AIM OF THE TASK: Your answer should be the data below, reproduced with nothing changed.

RAW DATA:
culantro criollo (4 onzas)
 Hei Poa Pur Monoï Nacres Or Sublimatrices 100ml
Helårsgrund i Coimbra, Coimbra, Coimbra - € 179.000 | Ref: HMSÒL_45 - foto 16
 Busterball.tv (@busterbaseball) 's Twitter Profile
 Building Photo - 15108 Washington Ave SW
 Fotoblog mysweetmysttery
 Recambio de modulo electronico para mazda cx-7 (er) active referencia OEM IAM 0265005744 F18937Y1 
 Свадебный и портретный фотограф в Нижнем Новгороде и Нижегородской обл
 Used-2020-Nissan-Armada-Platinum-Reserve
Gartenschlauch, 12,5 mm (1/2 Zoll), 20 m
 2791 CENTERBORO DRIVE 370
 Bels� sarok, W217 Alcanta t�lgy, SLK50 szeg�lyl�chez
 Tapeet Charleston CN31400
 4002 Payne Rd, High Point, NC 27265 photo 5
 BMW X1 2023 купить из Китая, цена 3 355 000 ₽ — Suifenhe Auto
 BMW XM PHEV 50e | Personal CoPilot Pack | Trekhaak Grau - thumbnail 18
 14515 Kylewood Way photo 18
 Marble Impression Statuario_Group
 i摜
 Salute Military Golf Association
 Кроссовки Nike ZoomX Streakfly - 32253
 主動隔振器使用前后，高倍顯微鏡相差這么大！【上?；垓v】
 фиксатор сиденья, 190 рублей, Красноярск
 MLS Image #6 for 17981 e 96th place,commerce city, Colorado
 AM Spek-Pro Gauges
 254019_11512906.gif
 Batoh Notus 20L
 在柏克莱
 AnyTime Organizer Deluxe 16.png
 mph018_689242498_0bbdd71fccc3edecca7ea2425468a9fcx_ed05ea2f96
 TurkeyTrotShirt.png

ANSWER AREA:
culantro criollo (4 onzas)
 Hei Poa Pur Monoï Nacres Or Sublimatrices 100ml
Helårsgrund i Coimbra, Coimbra, Coimbra - € 179.000 | Ref: HMSÒL_45 - foto 16
 Busterball.tv (@busterbaseball) 's Twitter Profile
 Building Photo - 15108 Washington Ave SW
 Fotoblog mysweetmysttery
 Recambio de modulo electronico para mazda cx-7 (er) active referencia OEM IAM 0265005744 F18937Y1 
 Свадебный и портретный фотограф в Нижнем Новгороде и Нижегородской обл
 Used-2020-Nissan-Armada-Platinum-Reserve
Gartenschlauch, 12,5 mm (1/2 Zoll), 20 m
 2791 CENTERBORO DRIVE 370
 Bels� sarok, W217 Alcanta t�lgy, SLK50 szeg�lyl�chez
 Tapeet Charleston CN31400
 4002 Payne Rd, High Point, NC 27265 photo 5
 BMW X1 2023 купить из Китая, цена 3 355 000 ₽ — Suifenhe Auto
 BMW XM PHEV 50e | Personal CoPilot Pack | Trekhaak Grau - thumbnail 18
 14515 Kylewood Way photo 18
 Marble Impression Statuario_Group
 i摜
 Salute Military Golf Association
 Кроссовки Nike ZoomX Streakfly - 32253
 主動隔振器使用前后，高倍顯微鏡相差這么大！【上?；垓v】
 фиксатор сиденья, 190 рублей, Красноярск
 MLS Image #6 for 17981 e 96th place,commerce city, Colorado
 AM Spek-Pro Gauges
 254019_11512906.gif
 Batoh Notus 20L
 在柏克莱
 AnyTime Organizer Deluxe 16.png
 mph018_689242498_0bbdd71fccc3edecca7ea2425468a9fcx_ed05ea2f96
 TurkeyTrotShirt.png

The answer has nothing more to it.